Frankly speaking, when I was first invited as a panel speaker for this CPF Webinar, I didn’t realize that I will be going down to their office physically until I received their email just one week prior. I initially thought that I will just be doing my sharing over Zoom as that is what most people are doing since the pandemic started. I guess life is slowly getting back to the old norm. As an introvert innately, I do face the challenge of being on the screen and speaking publicly. But as a strong advocate towards financial literacy, I garnered the courage to show up at their office at the end of the day.
I have the privilege to share a bit about my own personal financial journey (for my full life story, you can listen to this podcast), how minimalism made an impact in my life and why CPF forms a solid foundation of my financial house. As a financial coach and blogger, I would think that the topic of CPF is at the heart of all Singaporeans and I have the obligation to share how CPF will form part of my client’s overall financial plan. Reason being that employees forms a large part of our Singapore workforce who will be auto-enrolled in this national scheme when they started working. I understand there might still be a diminishing group of people who might shun CPF for taking away their personal money. But as I think most of us can’t really escape from this system, why not make the best out of it. Before any debate starts, we need to know the original mission of why CPF is form (as screenshot below) and how real people around us benefitted from it.
Other than being a CPF volunteer to learn more about this national scheme, I’m also part of the 1M65 telegram group founded by Mr Loo Cheng Chuan who championed this 1M65 movement. It is a strategy that capitalises on topping up your CPF balances and parking your savings within CPF Special Account (SA) and MediSave Account( MA) to allow for it to earn an attractive interest rate of 4% p.a to reach a million dollars as a couple by 65 years old. I might not be that extreme in this particular movement but CPF does offer a good way to diversify and mitigate my risks in my overall asset allocation.
In this webinar, I shared about my parents who does not have any savings when my dad was retrenched in his 50s. Fast forward today in their 60s, they are in the position to actually stop working completely just by relying on CPF Life and their dividend portfolio but they choose to work part time just to stay engage. I also shared about how I thought that I lost everything when saddled with a 6 figure debt from the exit from my franchise business. But on hindsight, my CPF was still there which allows me to apply for a BTO flat few years down the road and eventually allows me to achieve FRS at the age of 40 through top-ups.
I had a conversation with my ex-colleague who just turned 55 recently and after setting aside her FRS, she does have some money to withdraw out. While working as a property agent in her 40s, she did make good money in her early days.

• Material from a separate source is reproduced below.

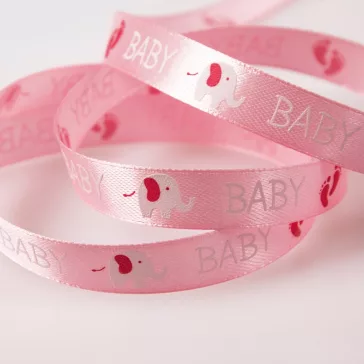BABY mintás szatén szalagok - 12 mm több színben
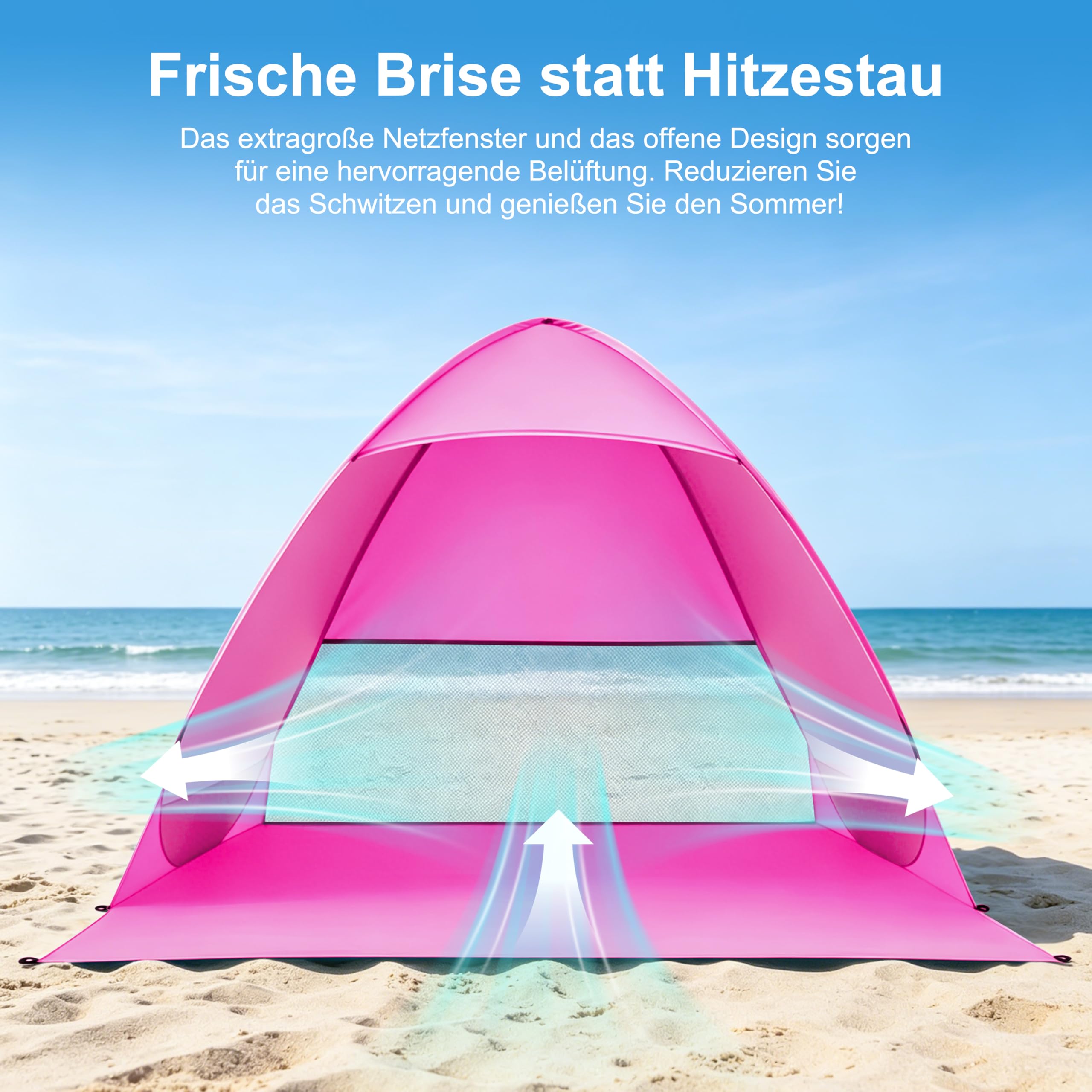 Tenda parasole XXL da spiaggia e da spiaggia, tenda parasole per esterni, portatile, colore: rosa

But some bad financial decisions made her buried in debt and downgraded her property in the last few years. That led her to ask for personal loans from her friends to ride through that tough period of time. But luckily before she became a property agent, she did accumulated some CPF during her corporate life as an employee. She also topped up her CPF as a property agent to make sure she have this financial safety net in place which on hindsight was her saving grace. The very first thing she did when she was eligible to withdraw the surplus from her CPF after setting aside FRS was to repay some of these personal loans from her friends. One of her good friend didn’t expected it but was really grateful when my friend actually did it. She is really grateful for this financial safety net which offers her a chance to have his basic retirement needs settled.

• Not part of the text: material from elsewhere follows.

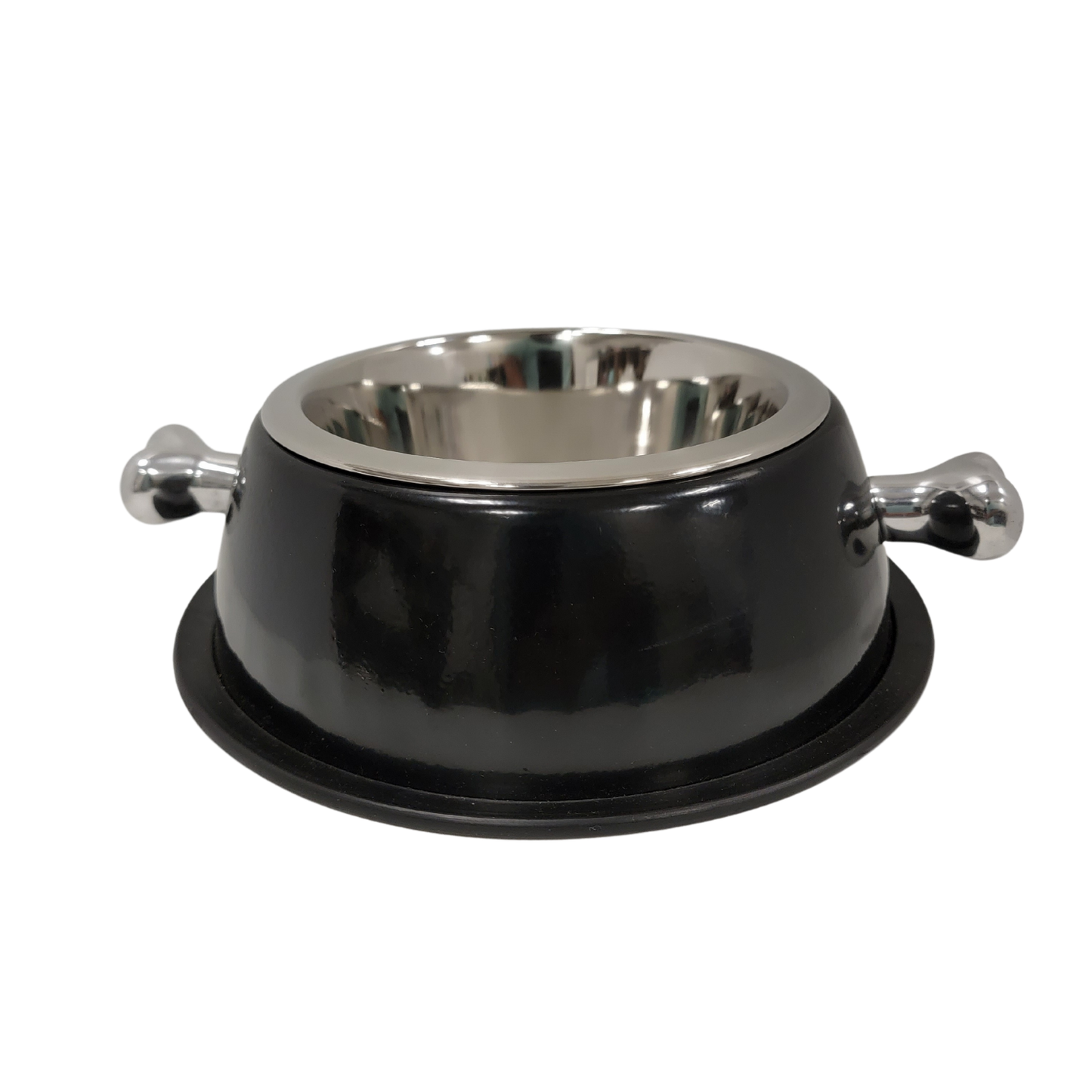 Deluxe Stainless Steel Dog Bowl with Bone Handles Black Image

The cases above probably illustrates the importance of having this CPF financial safety net in place which kind of bailout people at the end of the day. This might just be a tip of an iceberg of people who unavoidably will make some bad financial decisions during their lifetime including myself.

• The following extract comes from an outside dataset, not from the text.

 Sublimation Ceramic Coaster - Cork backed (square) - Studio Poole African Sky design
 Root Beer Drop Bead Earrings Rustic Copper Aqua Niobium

That is why I shared about having the CPF as the solid foundation for our financial house which is illustrated in the pyramid as above (this pyramid might differ from people to people depending on their risk profile). So the general idea is to build your way up starting with CPF, property and emergency cash before you start to increase your risk with the other asset classes. This might be a good guide for anyone who wants to solidify their financial house.
There are definitely pros and cons in each of the asset class listed in the pyramid and not everyone might be comfortable with all of them. But do take the time to study those that you are comfortable with and start building your financial house. Do note that CPF Life will only cover your basic needs at age 65 which might not be sufficient towards your ideal retirement needs. For those who are seeking to have more or reach financial independence earlier, you might want to explore the other asset classes which requires you to take on more risks. But all these could be mitigated by having a longer time horizon and appropriate asset allocation that fits your risk profile.
Share with me your thoughts and I really hope that this will be useful to you.